Quem ama cuida. Mas, no mercado pet, esse cuidado nem sempre é o que parece.
Nos últimos meses, os casos de maus-tratos dentro de creches, hotéis e serviços de banho e tosa se multiplicaram nas redes sociais e nos noticiários. São vídeos, prints e relatos que chocam, mas que, para quem está no setor há mais tempo, infelizmente, não surpreendem. Isso porque o crescimento acelerado da demanda por serviços pet não foi acompanhado pela mesma velocidade na fiscalização, na formação de profissionais ou na profissionalização da gestão.

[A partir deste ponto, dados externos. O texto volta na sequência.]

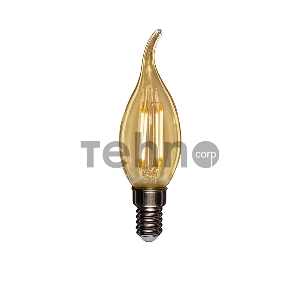 Лампа филаментная REXANT Свеча на ветру CN37 9.5 Вт 950 Лм 2400K E14 золотистая колба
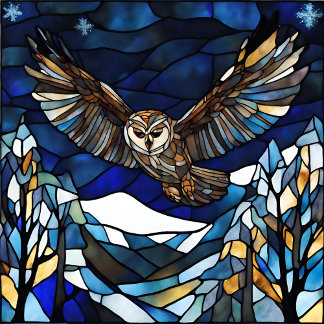Glas in lood Uil Ornament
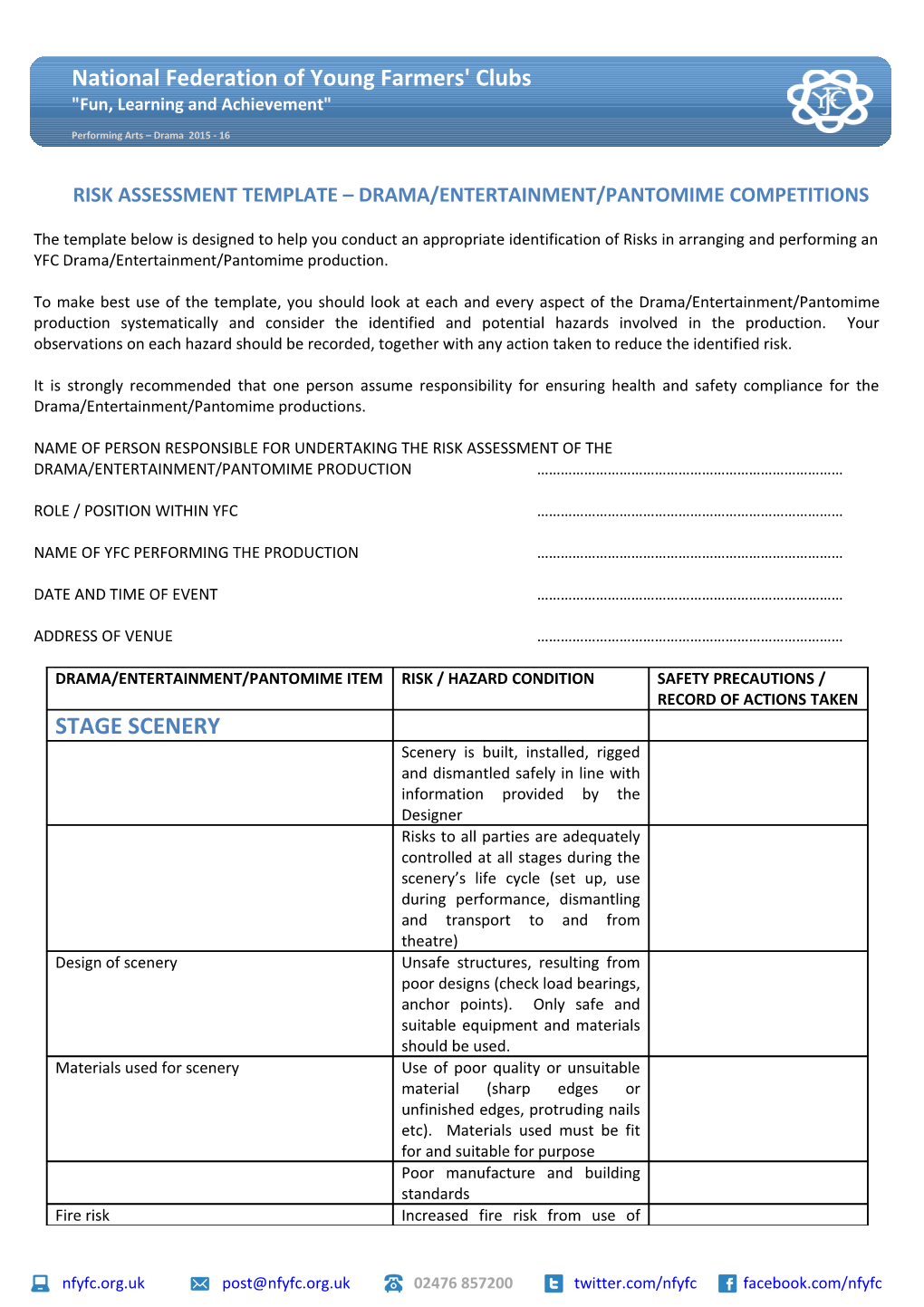 Risk Assessment Template Drama/Entertainment/Pantomime Competitions
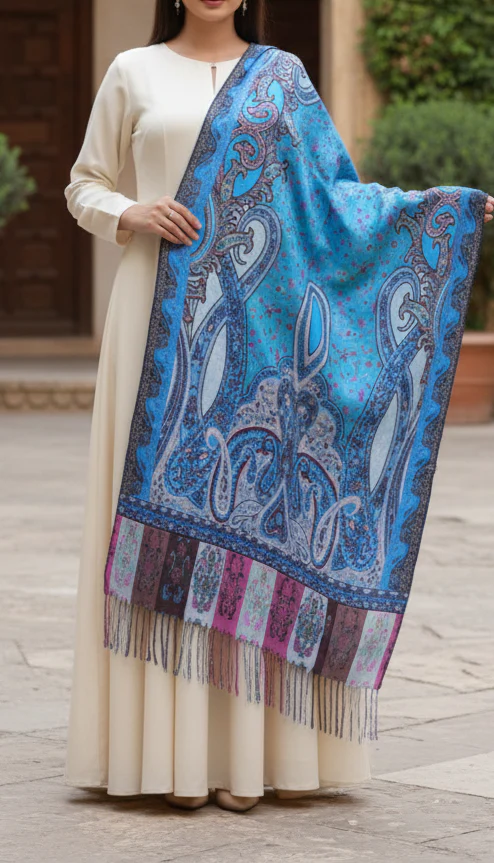 Blue Winter Stole PN5165 - Image 2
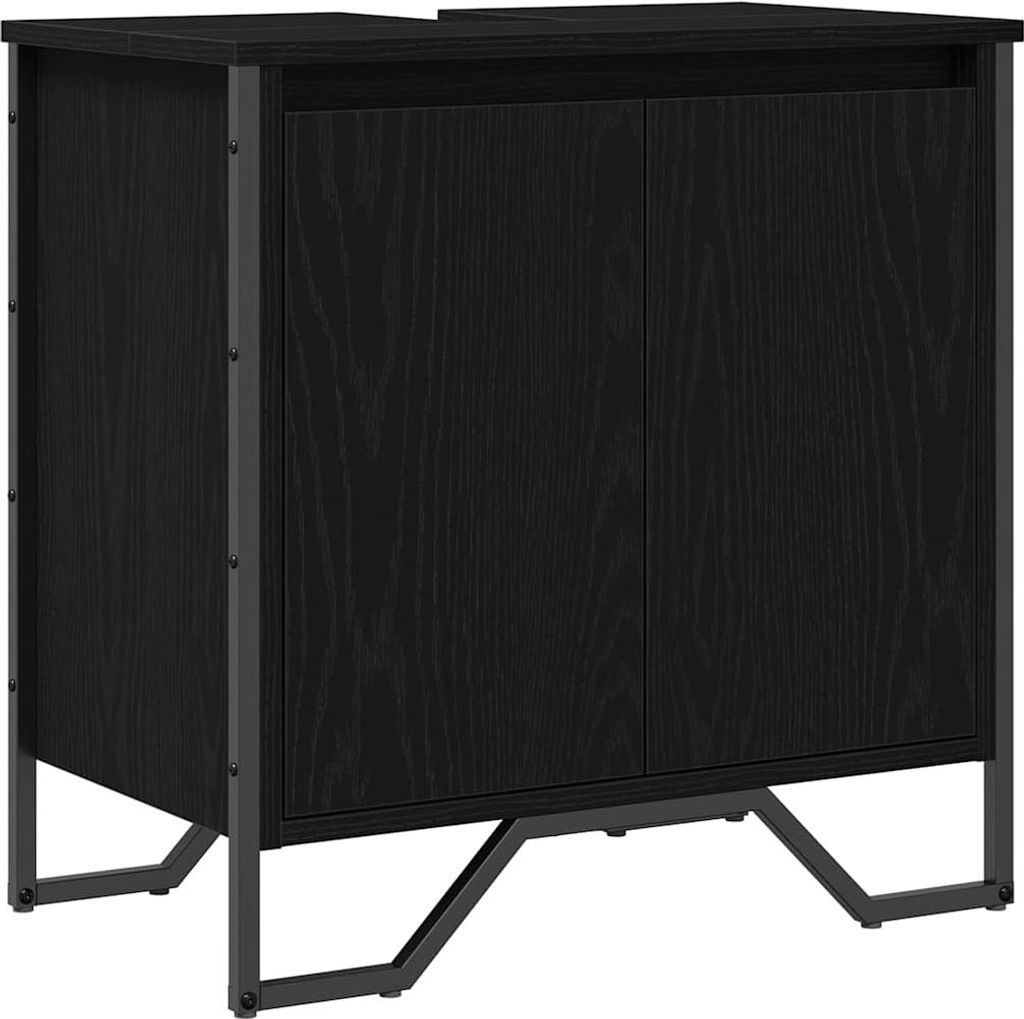 Waschbeckenschrank mit Tür Schwarz Eichen-Optik 60 x 35 x 60 cm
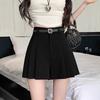 Women's Gray Pleated Shorts Skirt: High-Waist, Slimming, A-line, Wide-Leg Hot Pants for Summer 2025.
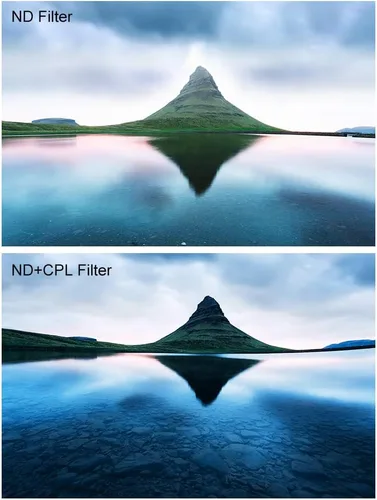 Vista 2 de K&F Concept Filtro de densidad neutra de 2.441 in ND32 y filtro polarizador circular CPL 2 en 1 para lente de cámara, revestimiento multiresistente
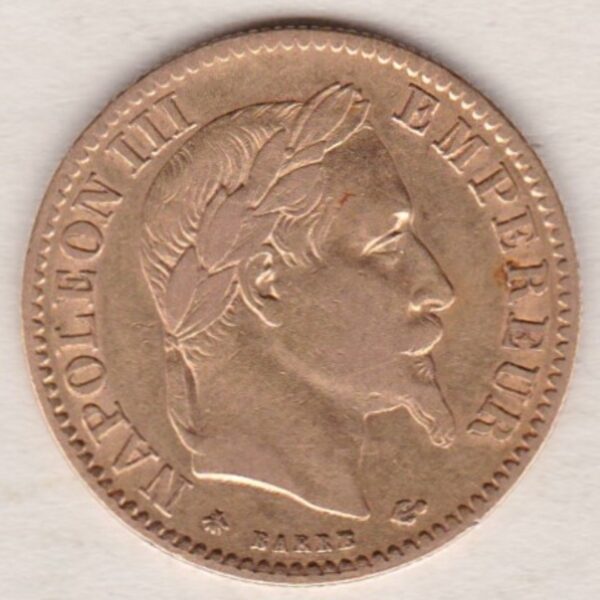 1864 A France Gold Ten Francs coin featuring Napoleon III on the Obverse. A wreath of laurels, date and mint mark on the Reverse.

Estamos falando de um setor que cresce a dois dígitos por ano, com centenas de estabelecimentos abrindo portas sem um mínimo de preparo para lidar com o que há de mais sensível: vidas. E não qualquer vida. Vidas que carregam o afeto, a confiança e a vulnerabilidade de uma família inteira.
Falo com conhecimento de causa. Em 2023, assumi a gestão de uma creche e hotel para cachorros que, até então, estava no centro de uma grave denúncia de maus-tratos. A decisão de comprar aquele negócio foi dura, mas necessária. Porque, por trás da fachada, havia cães que continuavam ali, diariamente, sob risco. E famílias que não sabiam mais em quem confiar.

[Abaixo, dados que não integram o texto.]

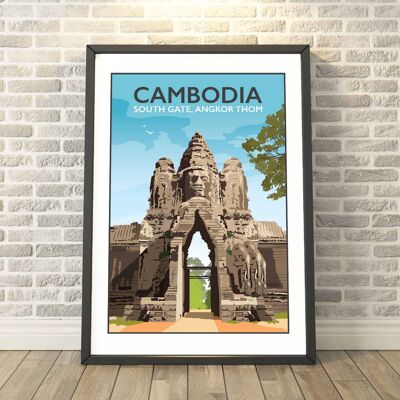 Angkor Wat, South Gate, Angkor Thom, Cambodia Print__A3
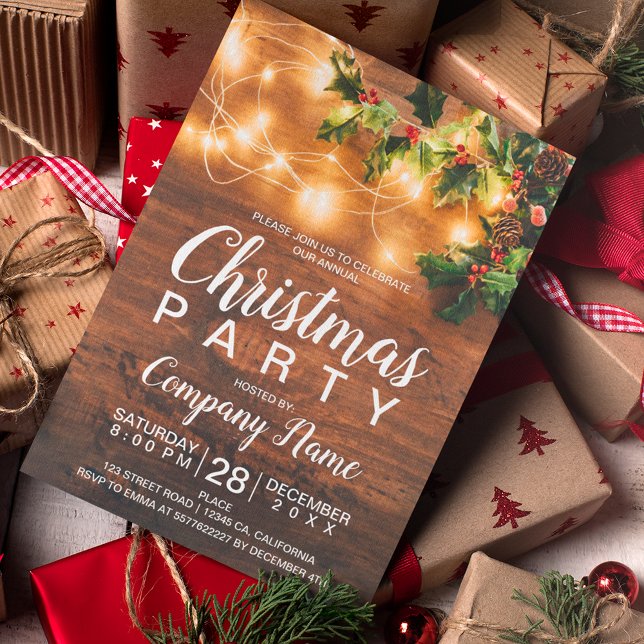 Convites Natal rústico país corporativo visco luz (Criador carregado)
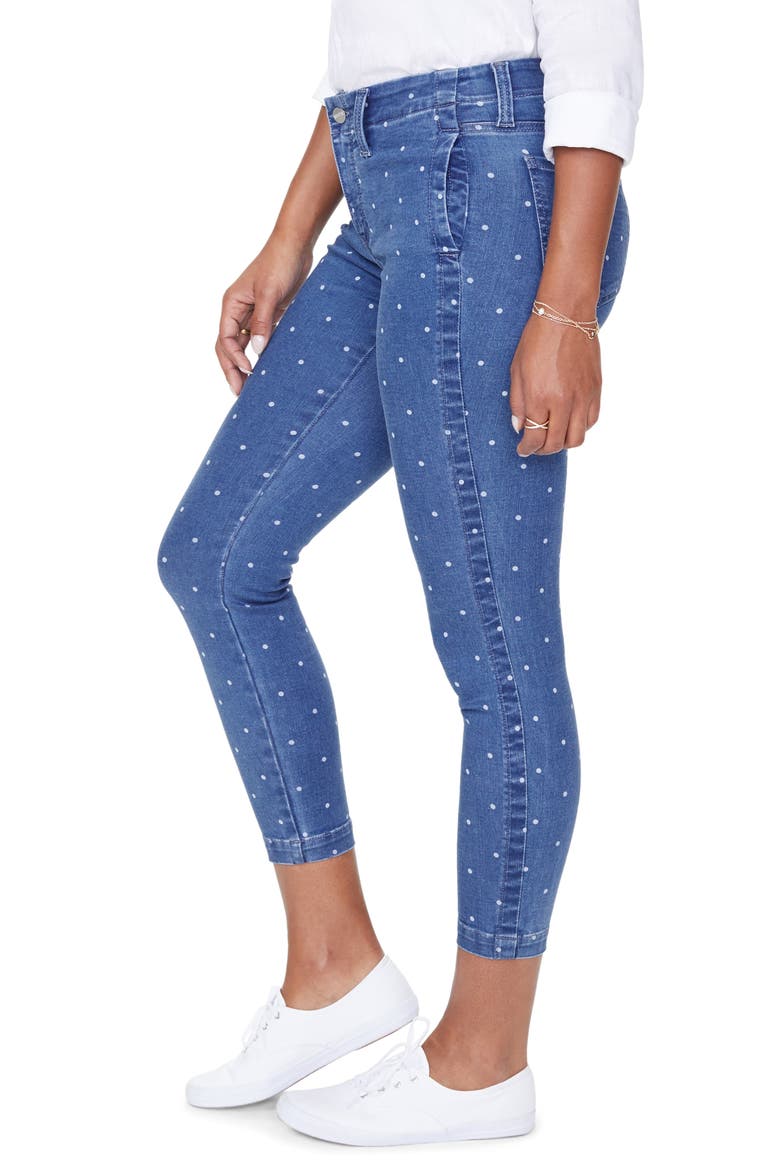 Ami High Waist Crop Skinny Jeans, Alternate, color, BEACHSIDE POLKA DOT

Reformamos tudo. Instalamos câmeras em tempo integral, contratamos veterinários, mudamos processos e, principalmente, mudamos a cultura.
Mudamos até a cor da unidade. Pintamos tudo de verde, literalmente, para quebrar qualquer associação com a antiga gestão. A ideia era, inclusive, sair daquele imóvel, mas não encontramos uma nova sede viável. Permanecemos, e, ao longo de 18 meses, reconstruímos o espaço com tanto cuidado que ele voltou a crescer. Agora, chegou a hora de dar nossa cara a ele de vez.

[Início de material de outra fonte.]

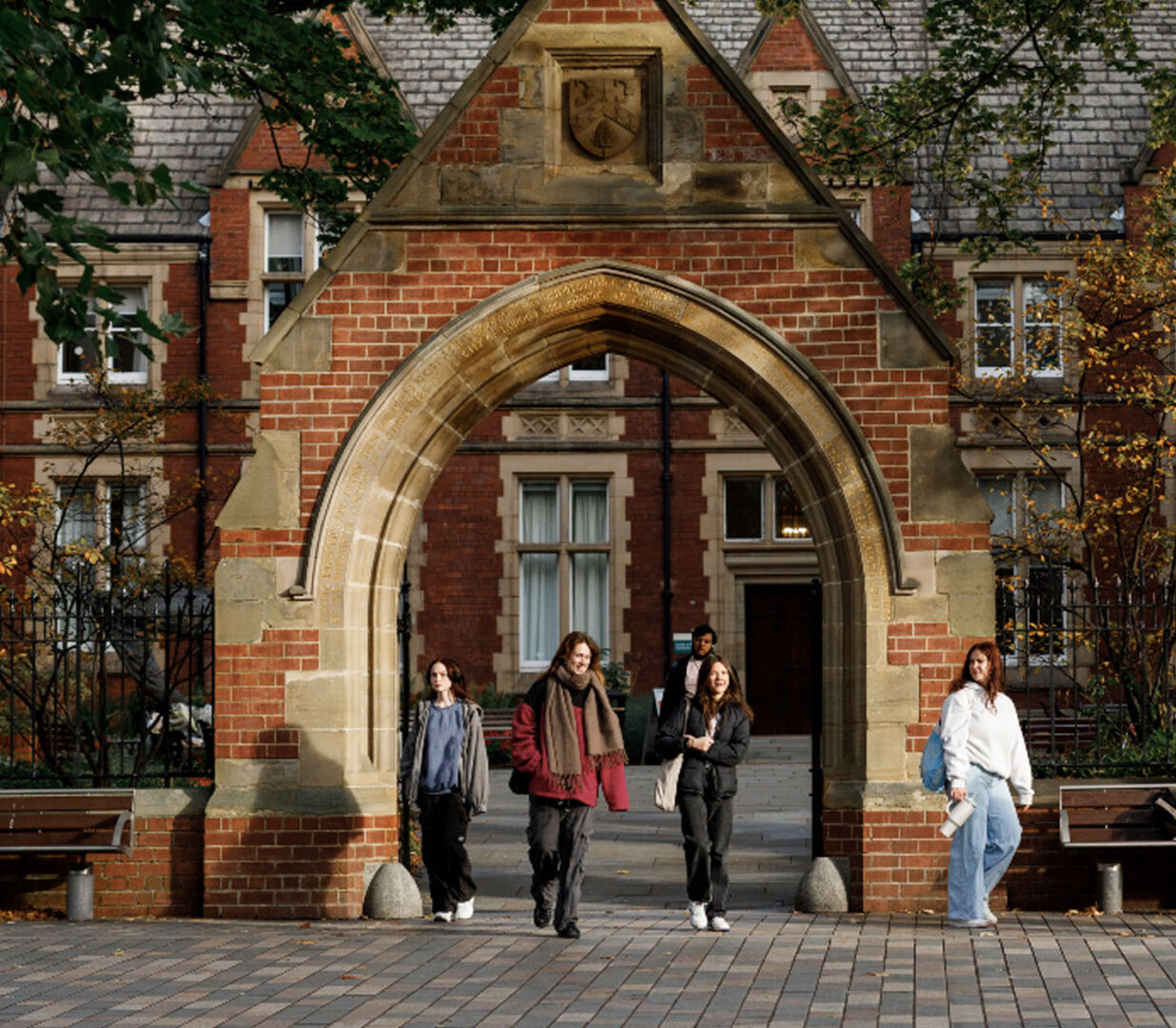 Students on University of Leeds campus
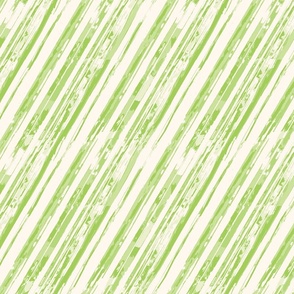 Painted Diagonal Watercolor Stripe - Apple Green on White 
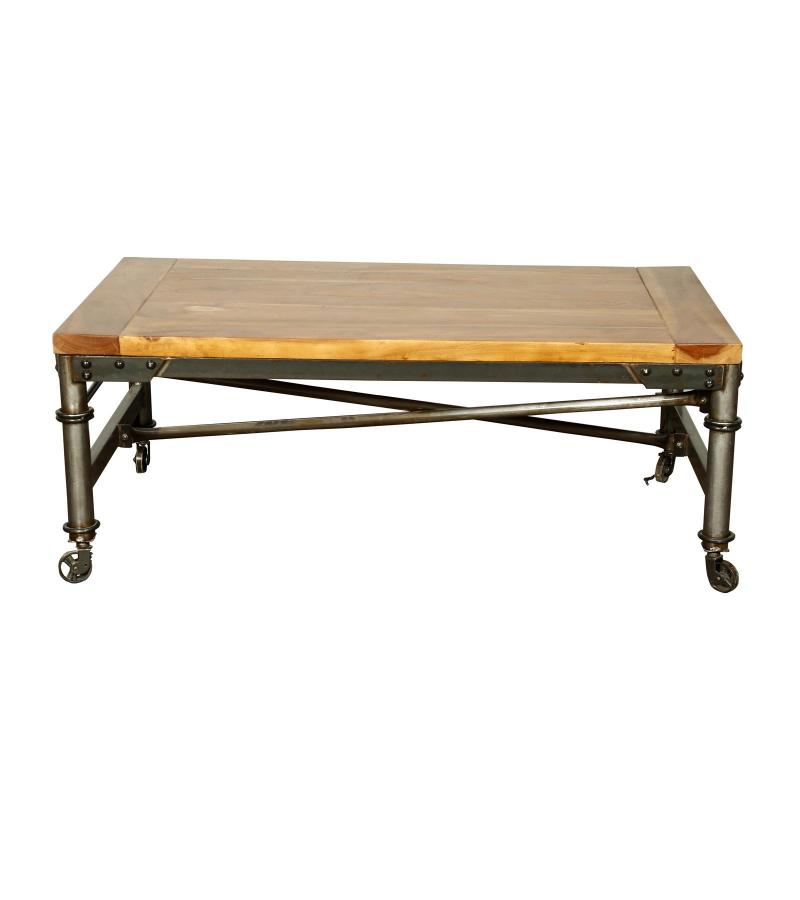 SOLID WOOD & IRON COFFEE TABLE ON WHEELS
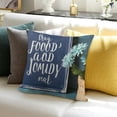 thumbnail image 3 of Blue Hydrangea Spring Summer Throw Pillow Covers, Today is A Good Day Dark Blue Cushion Case Decoration for Sofa Couch, 3 of 5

Reconstruir a confiança leva tempo. E é justamente esse o ponto central da discussão: quando há falha, o prejuízo não é só físico. É emocional, reputacional e estrutural.
Hoje, qualquer pessoa pode abrir um banho e tosa. Não há exigência técnica, nem validação de competências comportamentais. As leis que regem o setor são vagas, e o controle sobre o que acontece dentro dos estabelecimentos é praticamente inexistente. Quem deveria fiscalizar não dá conta. E quem se omite ou negligencia aproveita o vácuo de regulação para lucrar em cima da pressa e do desconhecimento do cliente.
O resultado? Profissionais despreparados, cães traumatizados, tutores indignados e um setor que, a cada escândalo, perde credibilidade.
O mercado pet já é grande demais para continuar operando como se fosse informal. E, quando falha, não são só os animais que pagam o preço. É a credibilidade de todos nós. Quem trabalha certo precisa se posicionar. Quem contrata, precisa exigir mais. Só assim a gente eleva o padrão e vira o jogo.